Other benefits include:
Cheaper to run and maintain
Electricity is cheaper to run compared to gasoline or diesel. Basing on the cost per mile, an electric car costs a third or less than its gasoline or diesel counterparts. Additionally, electric cars have fewer components compared to traditional petrol or diesel cars. This means that they are much cheaper to maintain.
Electric cars do not emit toxic fumes or CO2. Even if we factor in the generation of the electricity in power plants, they are still more environmentally friendly. When you compare the difference in greenhouse gas emissions between the two types of vehicles, electric cars are clearly the winners. In large cities such as Los Angeles and Mexico City, where smog is a serious public health problem, going electric makes sense.
If people use renewable energy to recharge their vehicles, they will be able to reduce their greenhouse gas emissions even more.
Comfortable and quiet
Electric cars provide an exhilarating driving experience thanks to their electric motors which are quiet and still provide high levels of torque with smooth acceleration.
Electric vehicles tend have a lower center of gravity than gasoline-driven cars. This means that their likelihood of rolling over is lower.

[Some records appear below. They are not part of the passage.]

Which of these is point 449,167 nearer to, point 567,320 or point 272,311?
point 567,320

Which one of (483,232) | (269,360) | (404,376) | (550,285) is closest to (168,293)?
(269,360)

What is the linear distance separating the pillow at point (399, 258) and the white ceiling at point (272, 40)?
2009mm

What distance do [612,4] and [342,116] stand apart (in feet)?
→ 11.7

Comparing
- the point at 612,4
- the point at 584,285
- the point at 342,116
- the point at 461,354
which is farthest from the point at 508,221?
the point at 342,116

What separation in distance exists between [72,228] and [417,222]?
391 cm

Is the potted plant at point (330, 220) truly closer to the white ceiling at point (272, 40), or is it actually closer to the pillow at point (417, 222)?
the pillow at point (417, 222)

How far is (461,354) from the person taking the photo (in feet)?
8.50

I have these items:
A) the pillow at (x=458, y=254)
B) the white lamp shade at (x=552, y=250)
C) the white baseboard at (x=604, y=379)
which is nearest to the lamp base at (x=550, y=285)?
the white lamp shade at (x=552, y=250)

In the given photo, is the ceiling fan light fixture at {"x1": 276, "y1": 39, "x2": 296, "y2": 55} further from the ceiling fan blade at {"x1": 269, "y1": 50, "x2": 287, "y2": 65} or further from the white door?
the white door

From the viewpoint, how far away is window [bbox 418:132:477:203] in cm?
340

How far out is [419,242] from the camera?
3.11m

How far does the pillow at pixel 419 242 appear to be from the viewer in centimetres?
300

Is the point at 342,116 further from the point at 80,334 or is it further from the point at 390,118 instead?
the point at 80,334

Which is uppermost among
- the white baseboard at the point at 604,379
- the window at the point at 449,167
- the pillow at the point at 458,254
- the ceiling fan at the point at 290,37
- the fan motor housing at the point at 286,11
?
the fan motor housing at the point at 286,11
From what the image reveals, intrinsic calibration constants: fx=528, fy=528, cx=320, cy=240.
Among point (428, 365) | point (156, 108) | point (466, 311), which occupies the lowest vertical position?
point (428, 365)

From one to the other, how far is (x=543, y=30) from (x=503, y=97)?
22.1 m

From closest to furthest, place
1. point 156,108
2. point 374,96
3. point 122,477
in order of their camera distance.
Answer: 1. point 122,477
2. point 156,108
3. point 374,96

If a gasoline car crashes, there is a seirous danger of fire or even an explosion. This is not the case with battery cars.

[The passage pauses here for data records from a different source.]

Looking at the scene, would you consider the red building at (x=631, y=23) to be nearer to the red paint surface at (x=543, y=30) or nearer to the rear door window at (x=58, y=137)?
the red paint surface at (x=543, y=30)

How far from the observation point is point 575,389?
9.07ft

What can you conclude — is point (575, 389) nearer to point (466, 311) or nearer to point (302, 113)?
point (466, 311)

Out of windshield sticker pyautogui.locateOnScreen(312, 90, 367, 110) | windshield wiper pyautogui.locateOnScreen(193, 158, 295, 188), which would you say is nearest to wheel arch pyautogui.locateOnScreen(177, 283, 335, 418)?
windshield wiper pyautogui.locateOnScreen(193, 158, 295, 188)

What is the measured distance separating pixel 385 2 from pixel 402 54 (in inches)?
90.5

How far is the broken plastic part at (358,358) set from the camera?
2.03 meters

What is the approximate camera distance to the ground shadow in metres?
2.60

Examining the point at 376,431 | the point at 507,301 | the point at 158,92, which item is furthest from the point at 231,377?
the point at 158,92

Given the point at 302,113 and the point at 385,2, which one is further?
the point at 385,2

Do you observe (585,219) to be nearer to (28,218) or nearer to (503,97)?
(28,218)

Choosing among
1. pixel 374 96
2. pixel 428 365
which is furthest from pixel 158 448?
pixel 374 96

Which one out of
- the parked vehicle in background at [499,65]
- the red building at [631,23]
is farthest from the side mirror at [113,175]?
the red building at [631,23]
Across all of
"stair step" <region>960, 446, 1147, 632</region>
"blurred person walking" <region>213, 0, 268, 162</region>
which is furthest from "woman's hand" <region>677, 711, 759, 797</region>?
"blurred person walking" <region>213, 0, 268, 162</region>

Electric cars, which are commonly referred to as plug-in electric vehicles, are fun, practical, and significantly reduce greenhouse gases emissions. They also save you a lot of money.
As more and more electric vehicles come onto our roads, we might have to face some serious challenges ahead. We will need to make sure that our energy infrastructure can cope with the growing demand for electricity. In other words, we will need to make sure we can generate enough electricity and have plenty of recharging points.
Battery recycling is another growing challenge we will have to deal with. You cannot simply throw a battery away. Consumers will need good sources of Auto Advice so that they are better able to choose the best electric cars to suit their needs.